What to work on: Take the material below and output exactly the run of lines from the one containing "Beautiful forest with" down to the one containing "Novidade sobre a Enxertia no limão!", with both included.

Dataset content:

Segment Open

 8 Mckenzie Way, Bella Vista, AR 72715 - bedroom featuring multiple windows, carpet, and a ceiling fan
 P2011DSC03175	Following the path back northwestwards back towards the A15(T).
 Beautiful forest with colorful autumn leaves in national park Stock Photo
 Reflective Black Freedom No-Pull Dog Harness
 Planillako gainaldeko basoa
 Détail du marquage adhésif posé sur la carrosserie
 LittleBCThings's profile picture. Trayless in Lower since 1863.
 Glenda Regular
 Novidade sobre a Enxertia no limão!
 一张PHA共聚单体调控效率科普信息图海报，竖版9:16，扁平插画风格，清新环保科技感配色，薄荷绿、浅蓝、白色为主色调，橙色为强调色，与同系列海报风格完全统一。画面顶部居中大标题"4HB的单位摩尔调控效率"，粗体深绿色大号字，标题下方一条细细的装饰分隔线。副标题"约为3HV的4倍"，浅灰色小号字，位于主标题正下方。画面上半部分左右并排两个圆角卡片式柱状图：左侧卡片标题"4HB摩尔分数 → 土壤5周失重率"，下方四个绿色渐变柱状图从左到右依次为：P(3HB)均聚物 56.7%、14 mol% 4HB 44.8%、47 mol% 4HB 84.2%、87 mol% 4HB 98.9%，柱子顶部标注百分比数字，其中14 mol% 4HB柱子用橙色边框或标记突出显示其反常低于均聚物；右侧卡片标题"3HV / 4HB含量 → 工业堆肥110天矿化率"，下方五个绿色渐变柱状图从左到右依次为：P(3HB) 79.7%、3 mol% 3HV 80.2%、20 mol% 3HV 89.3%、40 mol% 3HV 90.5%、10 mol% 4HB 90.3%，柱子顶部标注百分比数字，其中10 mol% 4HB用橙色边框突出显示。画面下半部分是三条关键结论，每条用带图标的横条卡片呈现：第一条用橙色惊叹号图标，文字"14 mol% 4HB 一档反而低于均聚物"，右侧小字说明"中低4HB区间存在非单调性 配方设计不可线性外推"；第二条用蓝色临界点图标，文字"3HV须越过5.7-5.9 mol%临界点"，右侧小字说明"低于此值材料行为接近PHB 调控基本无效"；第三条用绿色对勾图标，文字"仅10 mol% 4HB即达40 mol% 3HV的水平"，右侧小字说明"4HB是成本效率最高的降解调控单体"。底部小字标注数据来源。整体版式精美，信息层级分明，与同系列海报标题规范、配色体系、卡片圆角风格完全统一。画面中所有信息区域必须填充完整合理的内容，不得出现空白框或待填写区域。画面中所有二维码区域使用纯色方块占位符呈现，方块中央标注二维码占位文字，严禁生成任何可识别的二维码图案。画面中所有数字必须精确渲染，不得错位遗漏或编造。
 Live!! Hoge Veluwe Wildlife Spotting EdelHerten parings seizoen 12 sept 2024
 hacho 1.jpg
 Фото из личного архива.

Segment Closed

Solution for this task:
 Beautiful forest with colorful autumn leaves in national park Stock Photo
 Reflective Black Freedom No-Pull Dog Harness
 Planillako gainaldeko basoa
 Détail du marquage adhésif posé sur la carrosserie
 LittleBCThings's profile picture. Trayless in Lower since 1863.
 Glenda Regular
 Novidade sobre a Enxertia no limão!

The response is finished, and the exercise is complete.